This gentle production manages to bring together strands of dance, participatory performance, storytelling and shadow play in an evening which is subtly affecting. Yael Karavan’s international group of performers specialise in creating site-specific, delicate performances which engage with audiences in oblique, startling ways, without trumping them. Anima builds on an earlier production called A Light Through The Night, which saw the troupe leading audiences on a night-time journey only using lights.
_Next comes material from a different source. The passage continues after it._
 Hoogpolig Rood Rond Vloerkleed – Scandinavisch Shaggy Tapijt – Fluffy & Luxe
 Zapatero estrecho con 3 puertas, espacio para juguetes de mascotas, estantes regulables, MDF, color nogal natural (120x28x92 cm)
The performance opens with the audience being directed outdoors, where dancer Marion Deprez barters matches for goods from the audience. The crowd engage easily with her, eventually handing over items such as bike lock keys and smartphones. We then navigate past red wool strung around the fences and trees, while the dancers peer out from behind the bushes. On our return to the foyer, performer Bruno Humberto lies on the floor muttering in a babel of languages before ushering us into the auditorium and into the world of the play.
Humberto is a deft comic performer, managing to be both manic and sympathetic. His opening monologue describes the experience of walking into a party, the rehearsals in one’s head, and the panic underlying a confident exterior. Suddenly a “power failure” plunges us into darkness, eclipsing his moment. This leads to the miming of a tea party, held behind a billowing curtain which is only illuminated by the glow of oil lamps and matches held by the performers. The three female dancers play an exhausting game of cards to pass away the long power cut.
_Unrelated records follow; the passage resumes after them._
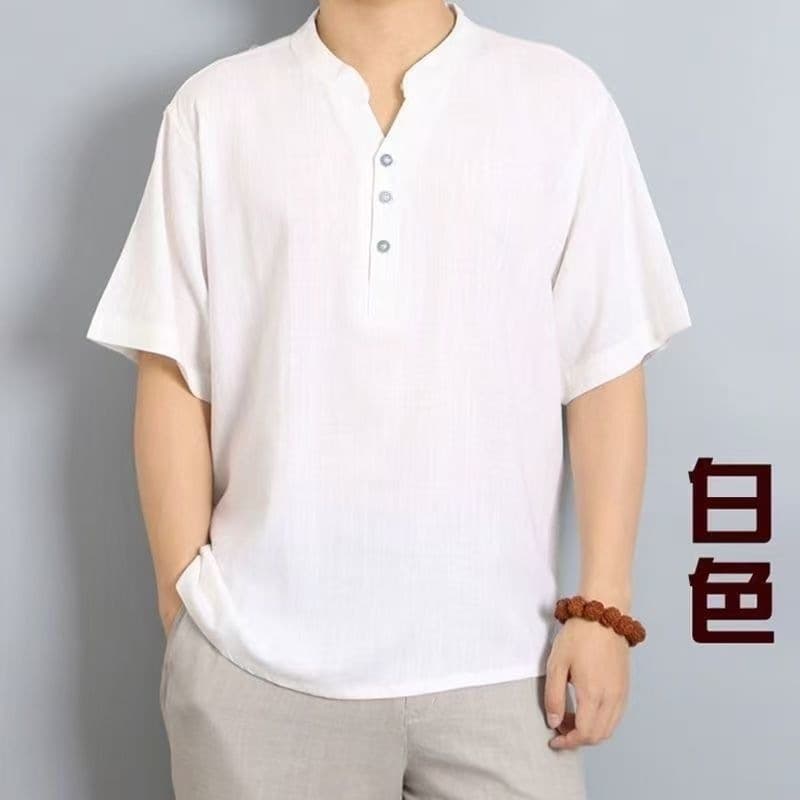 New Linen T-Shirt for Men, Solid Cotton-Linen V-Neck Shirt, Plus Size Loose Fit T-Shirt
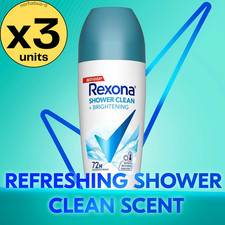 3 x REXONA Women Shower Clean Roll On Deodorant  45ml - Sweat & Odour Protection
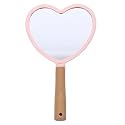 Wooden Hand Mirror - Pink Heart | Vintage Portable Handheld Makeup Mirror | Compact Vanity Mirror for Dressing, Beauty Salon & Travel | Lightweight Wooden Handle Mirror for Women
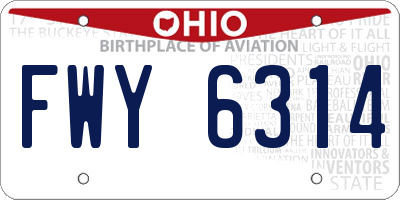 OH license plate FWY6314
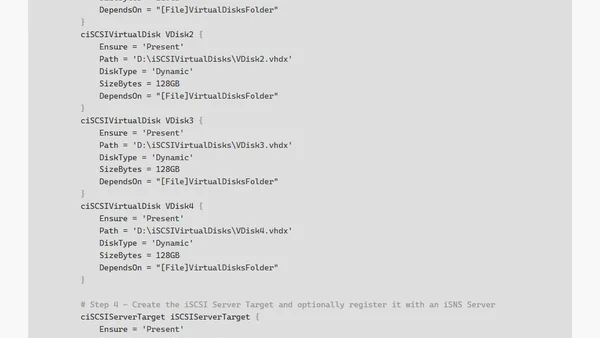 Configuring iSCSI and iSNS with DSC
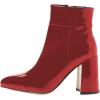 imageFSJ Women Pointed Toe Block High Heel Ankle Boots Glossy Patent Leather Party Dress Booties Size 415 USCrimson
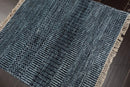 2'x2' Blue Hand Knotted Tibetan Modern Wool and Bamboo Silk Oriental Area Rug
In one interlude the performers play a game of shadows with their bodies, limbs shrinking and growing on the curtains, with Tristan Shorr’s delicate atmospheric music making the spectacle hypnotic. The seeming simplicity of the effects is another factor in making the event almost feel like a private show which each audience member locked in their heads.
Dancer Tamar Daly tells us a story about a blind man who knows how to use sewing machines, exaggerating the physical gestures, making them angular, imitating the straight lines of a seam. Anglepoise lamps later double up as dancing partners for the women, who wear outfits of one colour each: yellow, green, and red.
Humberto then tells a story of creation, calling on the audience to fill in the gaps; this ends up being a story about god as a giant cat. During this sequence, the female dancers place lamps around him frantically as he speaks. While his fast, engaging scenes complement the delicate feel of the play, it would have been good to see more of Deprez and Linda Rehmal, who circle the stage and the other performers throughout.
The red threads we navigated at the beginning of the piece hint at the delicacy of the play’s construction. We’re also left to make the connections between each part ourselves, but instead it is more pleasurable to simply watch, and absorb the atmosphere. As if to take us out of this state of mind at the end of the production, we are instructed to light our matches. Each audience member turns to another one, looking for a lighter. Inevitably, the flames go out, but it works to bring us out of the dream-like state, bringing the performance full-circle; I’d be curious to know if other people experienced it as I did.